/razor

A simple and fast adapter/quality trimmer for fastq sequences

Primary LanguageCMIT LicenseMIT

Razor

Razor is a fast and simple adapter/quality trimming tool for fastq sequences. It uses the ERNE-FILTER[1] algorthm for quality trimming, which operates on both ends of a read. The 3' adapter-trimming algorithm works by moving from left to right in a read until a match is found using the Knuth-Morris-Pratt algorithm[2], and then removing all bases after that point. Currently, Razor only works on unix-like systems, and requires the zlib compression library (www.zlib.net).

Razor supports reading and writing both uncompressed and gzipped fastq files; the format is determined by the filename suffix.

Installation

git clone https://github.com/abardill/razor
cd razor
gcc -o razor razor.c -Wall -lz -O2

Usage

Perform quality trimming with a threshold of 20, removing reads whose mean quality post-trimming is less than 15:

$ razor -q 20 -m 15 -o out.fq.gz in.fq.gz
82408952 reads were read
 1871332 reads underwent quality trimming
  715766 of these were filtered
10734758 bases were quality trimmed

Trim a 3' adapter, requiring its first 16 bases to be matched:

$ razor -a CTGTCTCTTATACACATCT --min-adapter-match 16 -o out.fq in.fq
13584188 reads were read
   22675 reads underwent adapter trimming
      35 of these were filtered
 1099363 adapter bases were trimmed

Read from standard input (denoted by '-') and trim adapters contained in a fasta file, discarding reads shorter than 30 bases.

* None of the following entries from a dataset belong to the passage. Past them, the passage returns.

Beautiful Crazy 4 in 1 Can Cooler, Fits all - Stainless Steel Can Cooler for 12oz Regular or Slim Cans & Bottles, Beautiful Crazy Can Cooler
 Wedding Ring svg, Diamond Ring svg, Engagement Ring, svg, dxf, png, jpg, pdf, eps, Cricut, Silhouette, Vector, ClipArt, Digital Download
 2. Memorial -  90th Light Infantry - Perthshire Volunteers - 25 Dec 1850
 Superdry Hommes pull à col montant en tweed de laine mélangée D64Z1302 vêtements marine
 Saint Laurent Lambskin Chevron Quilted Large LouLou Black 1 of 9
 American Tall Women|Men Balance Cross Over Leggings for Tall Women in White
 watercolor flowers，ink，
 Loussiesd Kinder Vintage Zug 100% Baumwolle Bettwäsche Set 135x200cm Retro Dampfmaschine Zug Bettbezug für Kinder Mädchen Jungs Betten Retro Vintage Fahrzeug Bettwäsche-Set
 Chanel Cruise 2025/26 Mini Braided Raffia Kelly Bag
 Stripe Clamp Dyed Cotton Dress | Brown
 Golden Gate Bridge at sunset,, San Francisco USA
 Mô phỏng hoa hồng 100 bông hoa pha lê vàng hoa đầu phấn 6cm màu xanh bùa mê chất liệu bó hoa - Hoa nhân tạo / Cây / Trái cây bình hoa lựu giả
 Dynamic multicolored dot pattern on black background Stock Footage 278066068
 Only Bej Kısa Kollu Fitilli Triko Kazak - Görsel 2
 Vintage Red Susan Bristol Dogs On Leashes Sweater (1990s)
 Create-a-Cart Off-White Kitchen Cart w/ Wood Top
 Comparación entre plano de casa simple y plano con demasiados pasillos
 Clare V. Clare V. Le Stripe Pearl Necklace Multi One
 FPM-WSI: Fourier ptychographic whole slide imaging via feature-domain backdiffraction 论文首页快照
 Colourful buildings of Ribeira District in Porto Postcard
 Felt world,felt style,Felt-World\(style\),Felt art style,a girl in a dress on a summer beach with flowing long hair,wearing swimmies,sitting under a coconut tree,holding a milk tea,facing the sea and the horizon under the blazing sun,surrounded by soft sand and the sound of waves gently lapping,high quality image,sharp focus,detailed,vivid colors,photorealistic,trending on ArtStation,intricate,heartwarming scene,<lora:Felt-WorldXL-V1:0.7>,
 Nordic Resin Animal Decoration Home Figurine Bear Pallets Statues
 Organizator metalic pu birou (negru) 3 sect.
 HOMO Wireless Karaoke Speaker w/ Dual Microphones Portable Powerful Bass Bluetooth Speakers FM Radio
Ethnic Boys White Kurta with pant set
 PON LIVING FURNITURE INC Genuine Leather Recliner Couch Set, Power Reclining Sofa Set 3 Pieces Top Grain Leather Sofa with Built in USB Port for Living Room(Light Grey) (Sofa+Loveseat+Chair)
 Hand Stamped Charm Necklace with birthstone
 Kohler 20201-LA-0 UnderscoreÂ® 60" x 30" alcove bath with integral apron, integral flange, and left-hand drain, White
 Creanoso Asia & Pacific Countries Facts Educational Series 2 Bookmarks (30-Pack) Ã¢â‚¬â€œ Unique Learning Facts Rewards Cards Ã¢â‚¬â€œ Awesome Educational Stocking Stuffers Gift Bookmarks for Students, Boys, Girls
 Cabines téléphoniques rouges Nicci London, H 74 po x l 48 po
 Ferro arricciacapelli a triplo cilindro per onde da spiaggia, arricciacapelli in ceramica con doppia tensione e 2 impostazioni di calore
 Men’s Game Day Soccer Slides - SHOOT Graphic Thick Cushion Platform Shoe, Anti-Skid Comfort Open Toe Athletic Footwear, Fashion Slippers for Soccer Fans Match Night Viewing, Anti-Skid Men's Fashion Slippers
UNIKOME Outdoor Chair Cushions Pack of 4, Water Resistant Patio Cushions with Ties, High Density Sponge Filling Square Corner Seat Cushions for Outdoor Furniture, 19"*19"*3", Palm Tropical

Write to standard output:

$ cat in.fq | razor -f adapters.fa -l 30 - > out.fq

Combine adapter and quality trimming (in that order), but retain reads which do not pass the --min-length and/or --min-mean-quality filters, replacing their sequence and quality strings with empty strings:

$ razor -f adapters.fa -q 30 --keep-empty -o out.fq.gz in.fq.gz

This is useful if you want to maintain pairing when trimming paired-end reads.

To print the full help information use

$ razor --help
Usage: razor [options] [in.fq]
Options: 
  -o, --output=FILE		The file to output processed reads to. If unspecified, reads are written to stdout.
  -q, --quality-threshold=INT	Trim bases from 5' and 3' ends using the ERNE-FILTER algorithm.
  -l, --min-length=INT		After processing, discard sequences below a minimum length [20].
  -m, --min-mean-quality=INT	After quality trimming, discard reads below a minimum mean quality.
  -a, --adapter=STR		Adapter to be trimmed from the 3' ends of the reads.
  -f, --adapter-file=FILE	Fasta file containing adapter sequences.
  -M, --min-adapter-match=INT	The minimum number of leading bases a subsequence must share with an adapter
				for a match to occur [12].
  -k, --keep-empty		Sequences filtered according to the min-length and min-mean-quality options
				have their sequence and quality strings truncated to empty and are retained.
  -p, --phred=[33|64]		The phred encoding of the quality scores in the input fastq [33].
      --version			Display version information and exit.
      --help			Display this help text and exit.

References

[1] Fabbro, Cristian Del, Simone Scalabrin, Michele Morgante, and Federico M. Giorgi. “An Extensive Evaluation of Read Trimming Effects on Illumina NGS Data Analysis.” PLOS ONE 8, no. 12 (December 23, 2013): e85024. doi:10.1371/journal.pone.0085024

[2] Knuth, Donald; Morris, James H.; Pratt, Vaughan (1977). "Fast pattern matching in strings". SIAM Journal on Computing. 6 (2): 323–350. doi:10.1137/0206024.